Unintended Consequences: Managing the Surprising Impacts of Conditional Cash Transfers
By Lennart Reiners
Conditional cash transfers provide immediate financial relief while fostering long-term investments in education and health, helping to break the cycle of poverty. Research reveals both intended and unintended effects that policymakers and project designers should consider.
Conditional cash transfers are direct cash payments to people in need. They are designed to reduce poverty by providing cash transfers to households that fulfill specific conditions. These criteria often revolve around education, such as school attendance, or health, such as prenatal checkups.
By alleviating people’s short-term budget constraints while at the same time incentivizing long-term investments in human capital, these cash payments aim to break the cycle of poverty.
The dual approach of immediate financial relief and long-term human capital investment has made conditional cash transfers widely popular. Early programs, starting in the late 1990s, were implemented in Latin America, with PROGRESA in Mexico and Bolsa Familia in Brazil being notable examples.
Since then, conditional cash transfers have seen widespread adoption globally, often as flagship anti-poverty programs supported by international development finance institutions. In Asia and the Pacific, Indonesia's Program Keluarga Harapan (PKH) is a prominent example of a large-scale program.
Conditional cash transfers are among the most closely studied anti-poverty programs due to their clear objectives, measurable goals, and widespread adoption. Large-scale programs are often informed by small-scale, rigorously measured pilots, which assess the impacts on recipients' health and educational outcomes before being adopted at national scale.

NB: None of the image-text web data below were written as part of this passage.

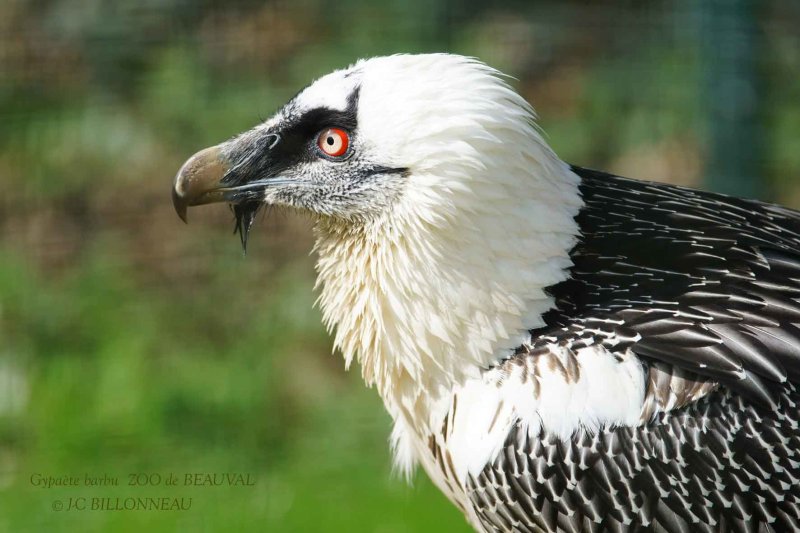 366 Gypaète barbu-Zoo de Beauval.jpg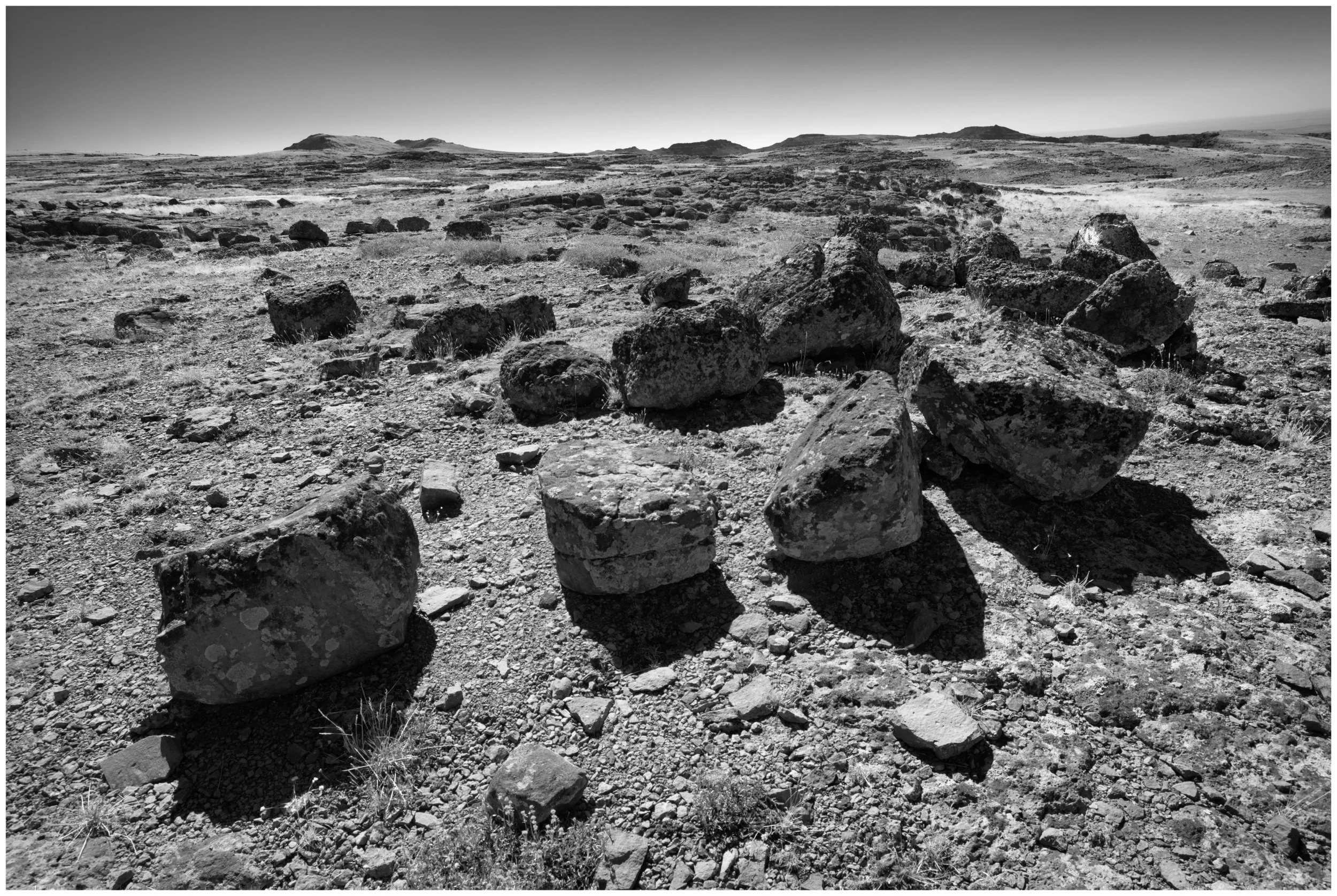 Steens Rock Garden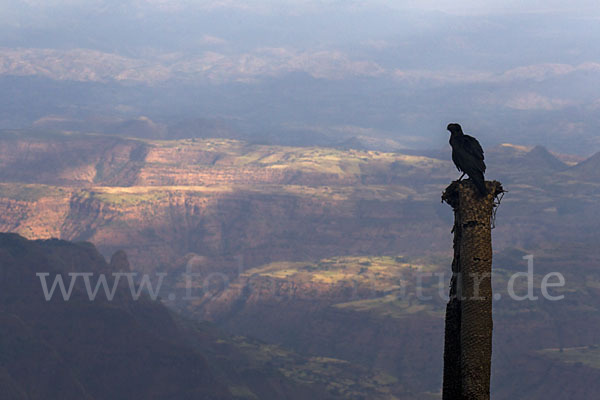 Erzrabe (Corvus crassirostris)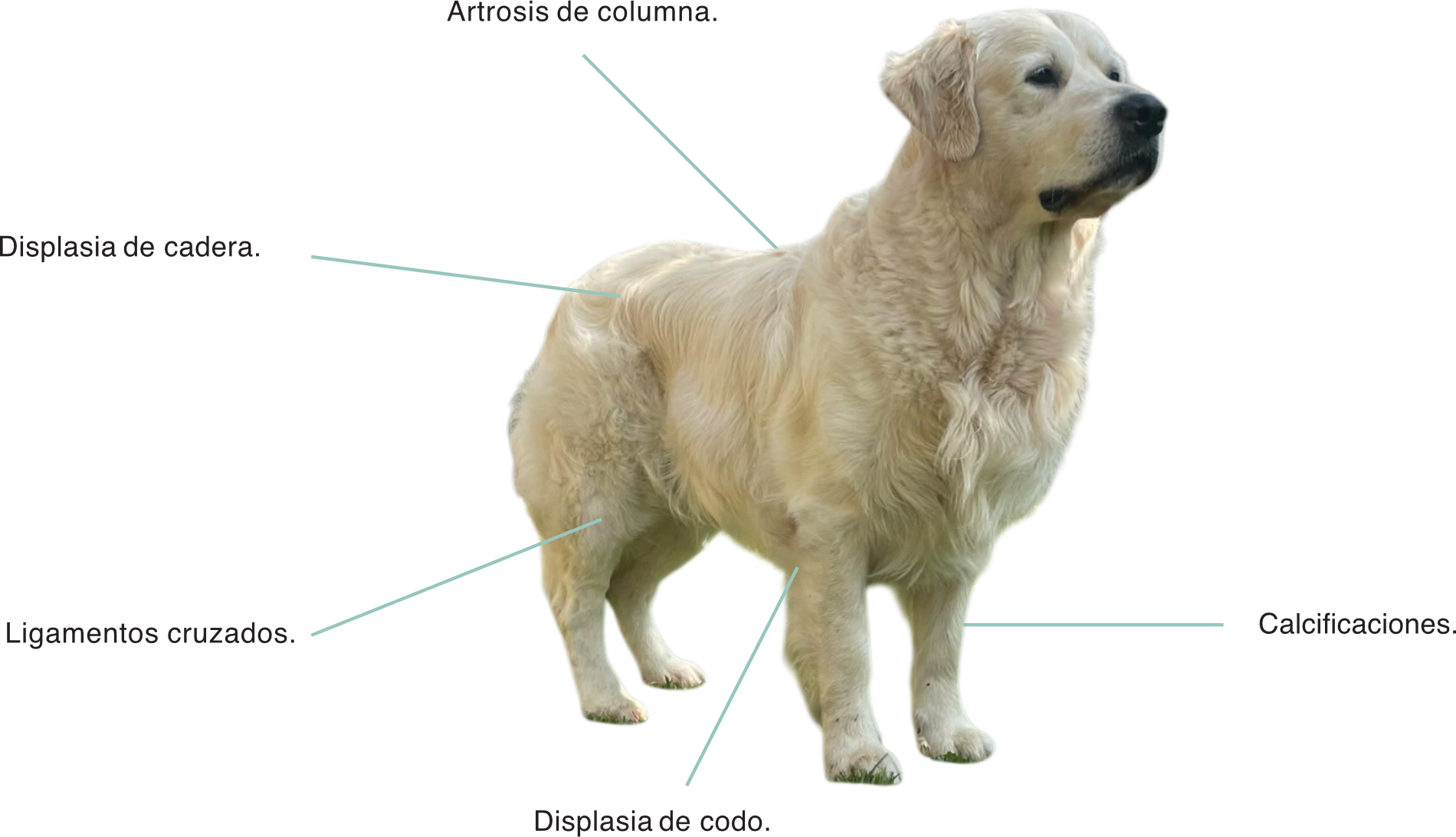 Artrosis de columna, Displasia de cadera, Ligamento cruzado , Displasia de codo y Calcificaciones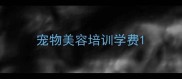 宠物美容培训学费
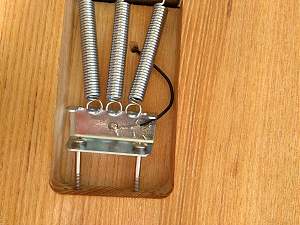 Click image for larger version. 

Name:	GuitarBuild00014.jpg 
Views:	344 
Size:	182.0 KB 
ID:	19754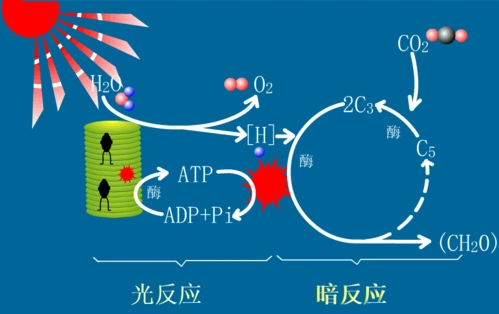 教学安排 教案设计】高三生物:一轮复习——光合作用与呼吸作用答案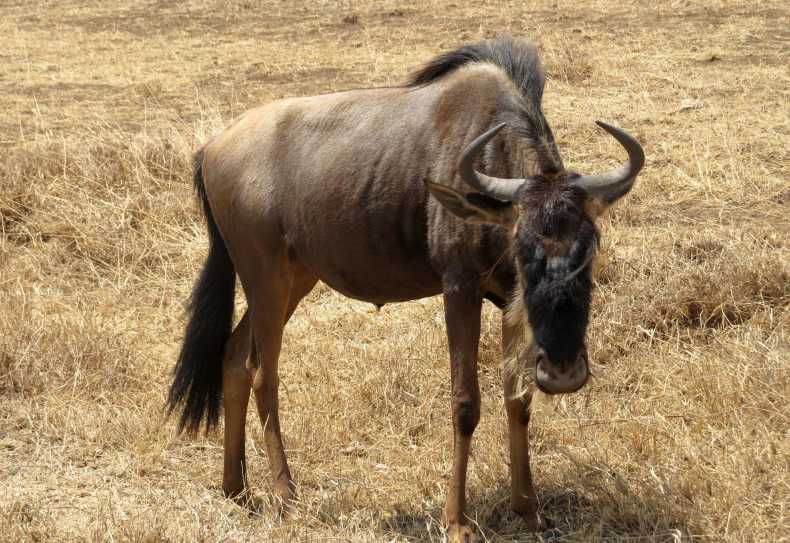 Gnu im Ngorongorokrater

Systematic reviews of existing studies generally find mixed to positive impacts on both short-term and long-term outcomes, further contributing to the popularity of conditional cash transfers.
As new programs continue to be introduced and existing ones run for decades, the associated research grows. Beyond the intended impacts, new data sources and the realization that development policies can have multiple effects have led to a new strain of research.
Cash transfers, especially those with behavioral conditions, influence recipients' actions in expected and unexpected ways, leading to both positive and negative outcomes. Research along these lines sheds light on their broader impact beyond the intended effects.
Given the expense of anti-poverty programs, findings on positive spillover effects can help to justify them, while negative impacts can inform necessary adjustments.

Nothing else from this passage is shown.